Most work I encounter that talks of “male identity” seems to quote heavily from Mc Ginley. But here is the problem, when I go into a clinic for the first time, the first thing I am asked is “Why do you not identify as male?”  It was such an incident that caused me to write my rather caustic article about Mc Ginley a few years back.

Well Today it is now “official” Read the writings of one Professor I A Hughes and we read:
“Evidence supports the current recommendation to raise markedly virilised 46,XX infants with CAH as female. Approximately 60% of 5a-reductase (5aRD2) deficient patients assigned female in infancy and virilising at puberty (and all assigned male) live as males.”

Notice the little slip of the tongue employed by Hughes. Where the implication is that all 5aRD2 patients raised as male live as male. Wrong! I do not. And as you have probably gathered by now I resent it, but one must not argue with the decrees of a doddering old fool quoting a New York jet set radfem quack. (Yes the issue still makes me angry).

Hughes has said in front of me that he quotes Mc Ginley when discussing 5 alpha reductase deficiency. And this of course adds “Gender confusion” to myn list of crimes having being born with this condition.
But the real question that has yet to be answered is, Where, in terms of DNA and specific mutations, and specific effects on any protein, and what that protein changes is this mysterious “Male gender identity” supposed to be, so far we have little more than a few disjointed comments on lab results, very selective choices study groups and some New York medic with this passion for identifying everyone as “male” (Which in itself is an interesting subject for study, Do we have a Pathopatholological individual in Mc Ginley we wonder?)

Conclusion.
It is clearly evident that Mc Ginley had a bias towards identifying people with this condition as “unquestionably male” there were those undertones of “radical feminist academic” in her writings as well.
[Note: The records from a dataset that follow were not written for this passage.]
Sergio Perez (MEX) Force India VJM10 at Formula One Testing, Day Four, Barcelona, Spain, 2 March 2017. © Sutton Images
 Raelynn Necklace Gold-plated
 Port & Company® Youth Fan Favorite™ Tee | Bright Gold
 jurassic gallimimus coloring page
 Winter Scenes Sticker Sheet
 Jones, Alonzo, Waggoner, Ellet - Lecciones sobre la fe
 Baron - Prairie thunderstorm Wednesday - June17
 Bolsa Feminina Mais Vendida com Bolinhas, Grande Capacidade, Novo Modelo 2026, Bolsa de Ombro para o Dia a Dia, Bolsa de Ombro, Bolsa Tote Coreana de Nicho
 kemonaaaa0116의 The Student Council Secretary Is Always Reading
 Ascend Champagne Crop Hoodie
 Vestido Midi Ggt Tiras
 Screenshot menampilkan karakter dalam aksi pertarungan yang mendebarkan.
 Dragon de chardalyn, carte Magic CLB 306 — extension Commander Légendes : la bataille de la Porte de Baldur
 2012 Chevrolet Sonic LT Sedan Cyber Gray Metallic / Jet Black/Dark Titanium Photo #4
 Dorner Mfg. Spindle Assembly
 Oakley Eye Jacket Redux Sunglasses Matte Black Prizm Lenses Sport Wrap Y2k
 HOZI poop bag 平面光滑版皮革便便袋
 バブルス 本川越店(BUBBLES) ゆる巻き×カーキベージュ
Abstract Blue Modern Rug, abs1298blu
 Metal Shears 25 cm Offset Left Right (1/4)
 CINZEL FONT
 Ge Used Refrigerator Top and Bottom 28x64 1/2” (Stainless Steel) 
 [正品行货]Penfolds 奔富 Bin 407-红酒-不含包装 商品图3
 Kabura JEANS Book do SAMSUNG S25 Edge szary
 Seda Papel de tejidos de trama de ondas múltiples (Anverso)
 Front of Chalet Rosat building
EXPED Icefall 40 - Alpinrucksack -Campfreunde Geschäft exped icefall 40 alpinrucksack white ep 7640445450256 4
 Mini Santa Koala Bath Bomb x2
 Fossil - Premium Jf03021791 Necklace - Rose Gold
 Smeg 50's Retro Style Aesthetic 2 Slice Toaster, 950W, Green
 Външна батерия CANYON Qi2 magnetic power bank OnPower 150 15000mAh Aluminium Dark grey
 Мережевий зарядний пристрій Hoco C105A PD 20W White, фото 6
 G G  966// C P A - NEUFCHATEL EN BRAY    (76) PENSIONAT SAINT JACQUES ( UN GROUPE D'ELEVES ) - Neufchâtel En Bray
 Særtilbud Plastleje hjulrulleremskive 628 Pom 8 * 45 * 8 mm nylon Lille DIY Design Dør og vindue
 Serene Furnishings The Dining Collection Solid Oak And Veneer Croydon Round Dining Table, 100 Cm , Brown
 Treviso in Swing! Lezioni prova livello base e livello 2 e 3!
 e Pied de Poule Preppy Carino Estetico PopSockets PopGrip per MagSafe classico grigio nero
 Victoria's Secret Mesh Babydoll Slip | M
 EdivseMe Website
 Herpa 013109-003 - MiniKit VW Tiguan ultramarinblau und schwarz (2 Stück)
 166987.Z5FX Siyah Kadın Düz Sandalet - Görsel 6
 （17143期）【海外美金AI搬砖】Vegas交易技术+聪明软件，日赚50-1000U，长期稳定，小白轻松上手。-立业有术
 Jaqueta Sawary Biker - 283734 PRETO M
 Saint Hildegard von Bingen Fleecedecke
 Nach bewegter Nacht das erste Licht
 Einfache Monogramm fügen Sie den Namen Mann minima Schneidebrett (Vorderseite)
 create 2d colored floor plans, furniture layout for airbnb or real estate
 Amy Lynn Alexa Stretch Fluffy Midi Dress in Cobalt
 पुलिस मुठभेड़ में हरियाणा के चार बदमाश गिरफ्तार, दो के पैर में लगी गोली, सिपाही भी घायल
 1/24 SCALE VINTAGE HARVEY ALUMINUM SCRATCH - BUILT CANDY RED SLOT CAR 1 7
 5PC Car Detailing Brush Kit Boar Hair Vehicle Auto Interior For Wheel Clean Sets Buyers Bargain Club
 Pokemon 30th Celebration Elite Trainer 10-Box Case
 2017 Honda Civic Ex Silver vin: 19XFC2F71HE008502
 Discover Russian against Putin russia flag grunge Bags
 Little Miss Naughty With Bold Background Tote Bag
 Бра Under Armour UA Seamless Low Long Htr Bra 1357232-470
You can sense the “they start as little girls but they are sexually predatory men in disguise” from the very first sentence, and what gets to me is the fact that this gibberish has translated into accepted medical practice. And to this day I see no biological evidence to support the notion that people with 5aRD2 deficiency “identify as male 100% of the time” Anecdotally I know 5 other people with this condition besides myself, only one identifies as male. Even now the description Mc Ginley offers as a “genetic model” is both vague and meaningless.

Will what I have written her be read by those who take Mc Ginley’s word to be gospel and then will they challenge Mc Ginley? Probably not. And those nice people at the DSD consortium are basically saying that all the vivisection and violation I endured as a child was justified. Thanks a bunch!  
As the title of this article suggests, how did this stuff get past the peer review process. How did “These people didn’t ft my study so I excluded them” and “This is a gene and this is an enzyme and this is a gender identity, that’s it” get past the peer review process? I would argue that the people who reviewed it were a little biased in her favour perhaps?

As it now stands an entire generation of children will grow up, facing the nightmares I did, with probably even more cliical mismanagement and “Oh we don’t do gender, lets talk gender confusion” style secrecy, shame and mixed messages.